This series complements my award-winning guidebook, Chicago in Stone and Clay: A Guide to the Windy City's Architectural Geology. Henceforth I'll just call it CSC.

 

The CSC section and page reference for the building featured here: 9.2; pp. 142-144.

 

Looking northward, along the eastern elevation.

 

And finally we're outdoors. This oblique view of the station's Canal Street facade shows its grand Tuscan-order colonnade.

 

The Tuscan style resembles the Doric, but it's even less adorned, with unfluted column shafts.

 

And it's these columns that are one of Chicago's finest examples of the effective use of America's most widely distributed architectural rock type, the Salem Limestone.

 

Note that the shafts are not monolithic, but rather are composed of tall drums mortared together.
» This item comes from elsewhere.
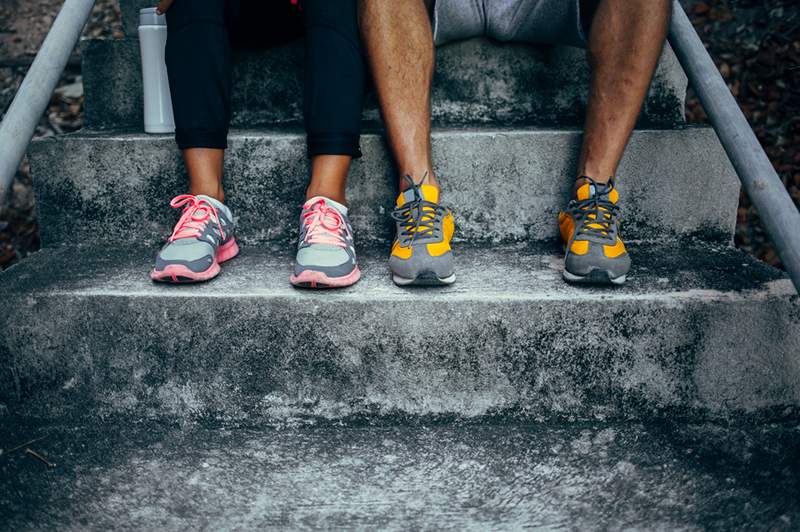 Vous ne devriez acheter des chaussures qu'à la fin de la journée, selon un podiatre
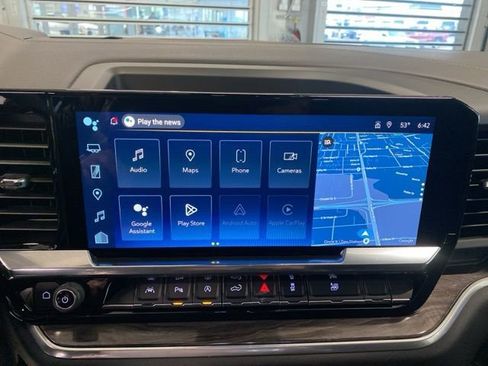 New 2026 Chevrolet Silverado 1500 LTZ w/ LTZ Premium Package AWD/4WD image 19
This technique of modular column construction is an ancient one that goes back to classical Greece and no doubt even farther.

 

Regarding the stone itself, the Salem has many virtues, but its finely granular texture does not permit high-gloss polishing. Nevertheless, it can be shaped, carved, and smooth-sawn very readily. Here the flat and buff-colored stone surfaces impart the perfect stately-and-restrained effect.

 

The Salem, known in the building trades as "Bedford Stone" and "Indiana Limestone," is quarried in southern portion of the Hoosier State. Petrologically speaking, it's a grainstone and biocalcarenite composed of small fossils (whole forams and invertebrate fragments) in a matrix of calcite cement. It formed in a warm, shallow-marine environment of lagoons and tidal channels in the Mississippian (Lower Carboniferous) subperiod, some 340 Ma ago. At that point, much of the American Midwest was covered by an epeiric (continent-covering) sea.

 

For more on this site, get and read Chicago in Stone and Clay, described at its Cornell University Press webpage.

 

The other photos and discussions in this series can be found in my "Chicago in Stone and Clay" Companion album. In addition, you'll find other relevant images and descriptions in my Architectural Geology: Chicago album.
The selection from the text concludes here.